Selbsthilfe bei Harninkontinenz
Selbsthilfe bei Harninkontinenz kann wesentlich dazu beitragen, den Erfolg einer medikamentösen Behandlung zu unterstützen oder sogar zu vermeiden.
- Beckenbodentraining: Ob bei Schwangerschaft, alterungsbedingt oder hormonell verursacht: Insbesondere Frauen profitieren bei Harninkontinenz von einem Beckenbodentraining. Die einfachste Form des Beckenbodentrainings: Unterbrechen Sie während des Wasserlassens den Harnstrahl durch muskuläre Anspannung. Sie können diese Übung aber auch jenseits der Toilette machen. Dann tun Sie einfach so, als wollten Sie einen Harnstrahl unterbrechen. Eine besondere Form des Beckenbodentrainings sind die sogenannten Kegelübungen. Fragen Sie Ihren Arzt und Ihre Hebamme nach entsprechenden Anleitungen. Auch Fitnessstudios und Volkshochschulen bieten häufig entsprechende Kurse an.
- Blase regelmäßig leeren: Auch die Blase lässt sich trainieren. Das geht am besten, wenn Sie Ihre Blase regelmäßig zu bestimmten Zeiten entleeren. Diese festen Rhythmen werden schnell zur Gewohnheit und helfen, starken Harndrang mit der Gefahr des ungewollten Harnverlustes zuvor zu kommen. Dieses Blasentraining sollte jedoch nur in Zusammenarbeit mit einem Arzt probiert werden.

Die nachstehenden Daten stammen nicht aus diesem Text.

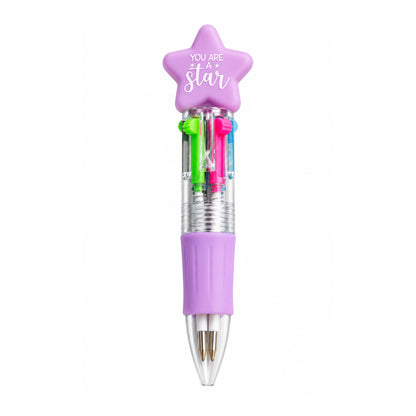 Multicolour Star Pen – Multi-Ink Writing Pen With Star Design – Includes Display Card
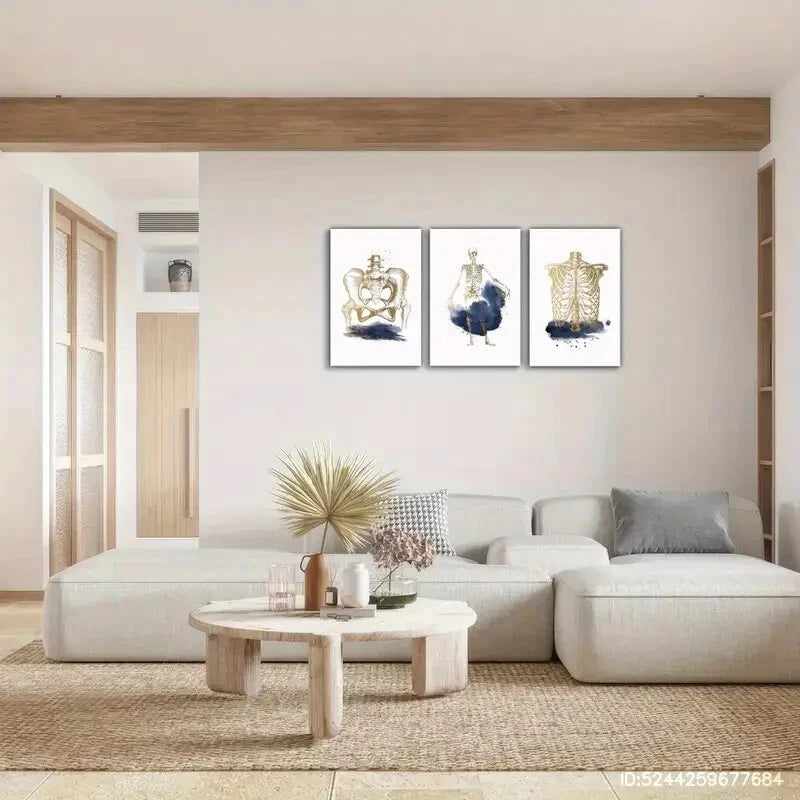 3pcs Medicine Print Physical Relax Orthopedic Metal Print Ready to Hang Art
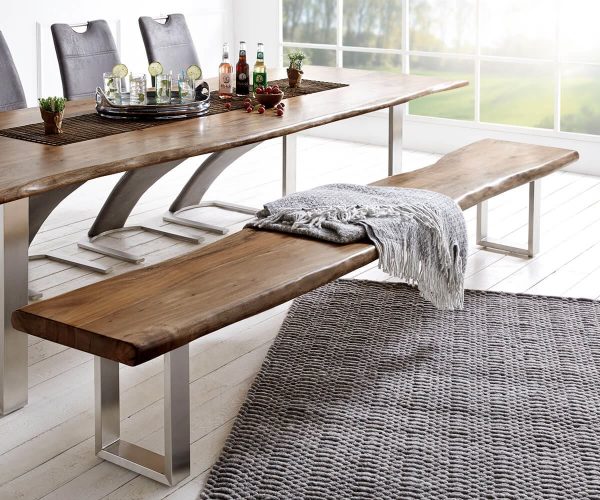 Deska pro lavici Live Edge nepravidelná hrana 255x40x5 akácie hnědá - Image 2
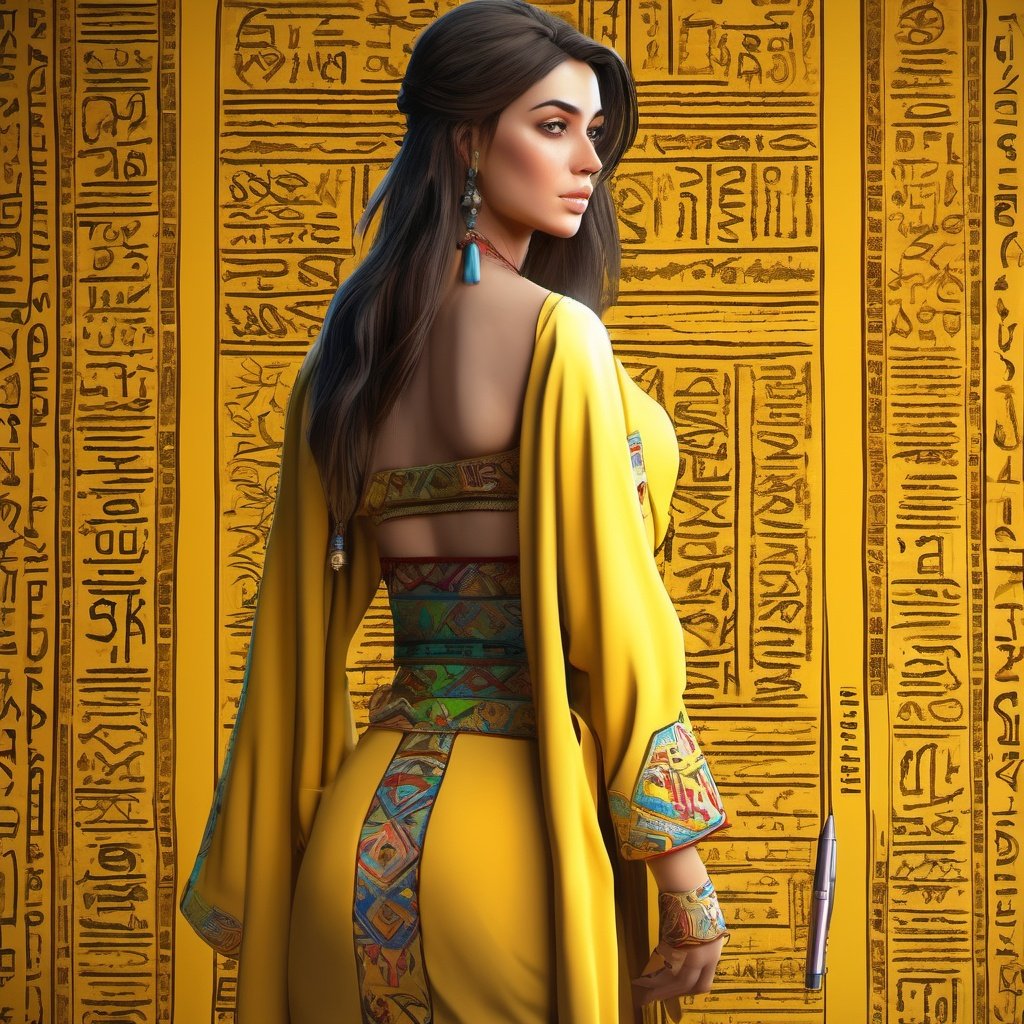 Real full picture of Most beautiful attractive   model  wearing yellow full covered Chemise having colorful hieroglyphic detailed writings, high resolution,  8k,, WLOP , mockup, ultra hd, realistic, vivid colors, highly detailed, UHD drawing, pen and ink, perfect composition, beautiful detailed intricate insanely detailed octane render trending on artstation, 8k artistic photography, photorealistic concept art, soft natural volumetric cinematic perfect light, ultra realistic, 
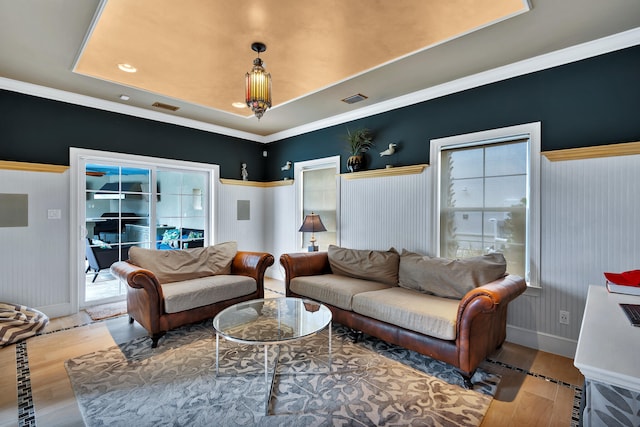 living room with wood-type flooring and a raised ceiling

- Geeignete Inkontinenzmaterialien verwenden: Die modernen Inkontinenzmaterialien sind vielfältig und speziell auf Frauen und Männer zugeschnitten. Sie reichen von ultradünnen, aber saugfähigen Einlagen über Inkontinenzslips- bzw. Badebekleidung und Kondom-Urinale. Lassen Sie sich am besten im Sanitätshaus oder einer Apotheke beraten. Normale Monatsbinden sind im Übrigen nicht bei Harninkontinenz geeignet.
- Katheterismus: Bei einigen Formen von Harninkontinenz, vor allem bei der Reflexinkontinenz, kann die Selbstkatheterisierung helfen. Dabei wird der Urin vom Betroffenen selbst über einen dünnen Kunststoffschlauch (dem Katheter) abgeleitet. Lassen Sie sich am besten von Ihrem Arzt beraten, ob diese Möglichkeit für Sie infrage kommt.
Abnehmen und weniger trinken
Achten Sie auf eine ausgewogene und frische Ernährung und vor allem auf eine ausreichende Trinkmenge.
- Reduzieren Sie keinesfalls die Flüssigkeitsaufnahme, um einem unwillkürlichen Urinverlust entgegenzuwirken. Das würde mehr Probleme verursachen als Nutzen bringen.
- Meiden Sie blasenreizende Stoffe wie scharfe Gewürze und Kaffee sowie blähende Lebensmittel wie Zwiebeln, Kohl und Hülsenfrüchte.
- Sinnvoll ist der Verzehr von geruchshemmenden Speisen. Dazu gehören vor allem Preiselbeeren, Naturjoghurt, Spinat, grüner Salat und Petersilie.
- Übergewicht fördert Harninkontinenz. Daher tun Sie gut daran, überflüssige Pfunde abzuspecken. Anregungen dazu finden Sie hier: Abnehmen & Diät
Vorbeugung
- Besonders nach einer Schwangerschaft sollten Sie den Beckenboden trainieren.
- Vermeiden Sie starkes Übergewicht.
- Hören Sie mit dem Rauchen auf. Vor allem Raucherhusten beansprucht durch eine permanente Druckerhöhung den Bauchraum und belastet so die Bauch- und Beckenbodenmuskulatur, was wiederum zu Inkontinenzproblemen führen kann. Informationen, um mit dem Rauchen aufzuhören, bekommen sie bei Ihrem Hausarzt, in Gesundheitszentren oder bei Ihrer Krankenkasse.
- Nehmen Sie spätestens ab dem 50. Lebensjahr Kontrolluntersuchungen beim Urologen und/oder Frauenarzt wahr.